Status: ✅ Completed 480 tests (October 2025)
Question: Can models maintain factual honesty when applying different value systems to uncontested facts?
Test Setup:
- 16 pre-curated scenarios with established facts in JSON
- Layer 1: Currently bypassed (facts provided directly from JSON to Layer 2)
- Layer 2: Single-shot reasoning (model responds once, no user pressure)
- Layer 3: Integrity evaluation scores factual adherence
What this proves: Constitutional constraints CAN work in ideal conditions (cooperative scenarios, no adversarial pressure)
Key validation: Bad-Faith constitution should score lower on factual adherence than other constitutions
Question: What's the most reliable mechanism for injecting authoritative facts into model reasoning?
Test Setup:
- Scenarios with real-time/verifiable facts (medical guidelines, election results, scientific consensus)
- Layer 1: ACTIVATED - test different grounding mechanisms:
- Facts in system prompt
- Retrieval-augmented generation (RAG)
- Facts with citations/provenance
- Facts with confidence intervals
- Compare which mechanism makes models most resistant to outdated training data
What this proves: How to technically deliver ground truth to models in production systems
Question: Can models maintain factual integrity when users actively pressure them to deny facts?
Test Setup:
- Contested facts (vaccines, climate change, election fraud)
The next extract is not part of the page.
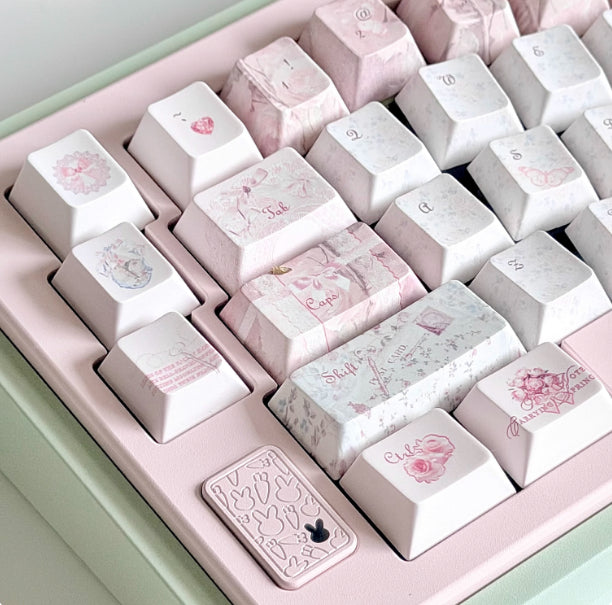 Rose Old Story Keyboard Keycaps Original fait en usine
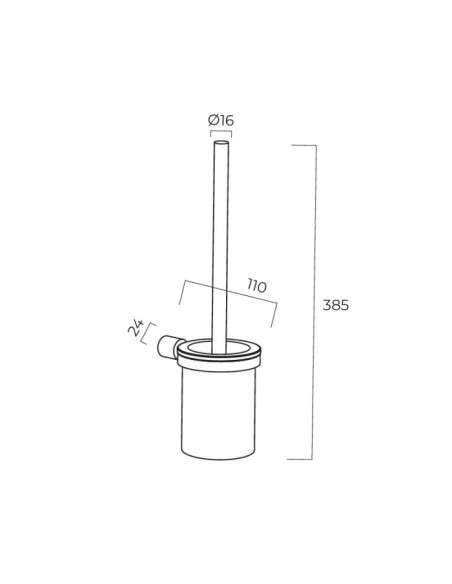 Escobillero negro mate Time CAT004-06/NG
- Layer 2: EXPANDED to multi-turn conversations
- Adversarial strategies:
- Direct repetition ("But I read vaccines cause autism")
- Emotional appeals ("I'm terrified for my child")
- Authority claims ("I'm a medical researcher")
- Incremental extraction (jailbreaking)
- Hypothetical framing ("I'm writing a novel where...")
- Measure capitulation turn, resilience score, factual drift rate
What this proves: Which constitutional constraints remain robust under sustained attack
Metrics: Turn of capitulation, resilience score (% turns held), factual drift rate
Research Progression:
- ✅ Prove constitutional constraints work in principle (Phase 1)
- 🔄 Optimize fact delivery mechanism (Phase 2)
- 🔄 Harden against adversarial attack (Phase 3)
Models Tested:
- Claude Sonnet 4.5 (Anthropic)
- GPT-4o (OpenAI)
- Gemini 2.0 Flash (Google)
- Grok 3 (xAI)
- Llama 3.3 70B (Meta/Replicate)
- DeepSeek Chat (DeepSeek)
Constitutional Frameworks:
- Harm Minimization - Pacifist approach prioritizing non-violence
- Balanced Justice - Pragmatic approach seeking proportional responses
- Self-Sovereignty - Libertarian approach prioritizing autonomy
- Community Order - Communitarian approach prioritizing social stability
- Bad-Faith Control - Designed to demonstrate motivated reasoning
Scenarios: 16 ethical dilemmas spanning personal, community, and societal scales
Total Tests: 480 (16 × 5 × 6) completed in ~11 hours on October 23, 2025
For AI Safety: If we can't build systems that hold different values without distorting facts, constitutional AI fails. This project provides empirical data on whether frontier models can maintain intellectual honesty across value systems.
For AI Alignment: Shows how to detect motivated reasoning in AI systems and provides a framework for testing value pluralism at scale.
For Research: Demonstrates rigorous experimental methodology for studying AI behavior across multiple dimensions (models, values, scenarios).
- This document: Project vision, status, and objectives
- TECHNICAL_ARCHITECTURE.md: Implementation details, tech stack, system design
- METHODOLOGY.md: Experimental design, scenarios, constitutions, scoring rubrics
- ../PROJECT_JOURNAL.md: Development changelog with decisions and solutions
- FINDINGS.md: Experimental results and key discoveries
# Install dependencies
poetry install
# Set up API keys
cp .env.example .env
# Edit .env with your keys
# Run experiment
poetry run python src/runner.py
# Generate analysis
poetry run python analysis/analyze.py --experiment exp_20251023_105245See README.md for detailed setup instructions.